* TASK PROMPT: What the task needs is every record repeated exactly, nothing more.

[DATA SUPPLIED]

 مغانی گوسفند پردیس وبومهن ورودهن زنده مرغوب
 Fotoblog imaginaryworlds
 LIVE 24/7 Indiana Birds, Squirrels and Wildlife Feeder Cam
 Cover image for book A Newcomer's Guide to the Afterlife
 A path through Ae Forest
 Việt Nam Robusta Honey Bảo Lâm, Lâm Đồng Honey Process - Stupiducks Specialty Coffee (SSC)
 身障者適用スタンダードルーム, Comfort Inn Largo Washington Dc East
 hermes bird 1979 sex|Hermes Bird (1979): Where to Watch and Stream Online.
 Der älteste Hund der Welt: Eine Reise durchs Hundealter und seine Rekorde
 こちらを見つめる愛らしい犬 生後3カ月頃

[/DATA SUPPLIED]

* EXPECTED ANSWER:
 مغانی گوسفند پردیس وبومهن ورودهن زنده مرغوب
 Fotoblog imaginaryworlds
 LIVE 24/7 Indiana Birds, Squirrels and Wildlife Feeder Cam
 Cover image for book A Newcomer's Guide to the Afterlife
 A path through Ae Forest
 Việt Nam Robusta Honey Bảo Lâm, Lâm Đồng Honey Process - Stupiducks Specialty Coffee (SSC)
 身障者適用スタンダードルーム, Comfort Inn Largo Washington Dc East
 hermes bird 1979 sex|Hermes Bird (1979): Where to Watch and Stream Online.
 Der älteste Hund der Welt: Eine Reise durchs Hundealter und seine Rekorde
 こちらを見つめる愛らしい犬 生後3カ月頃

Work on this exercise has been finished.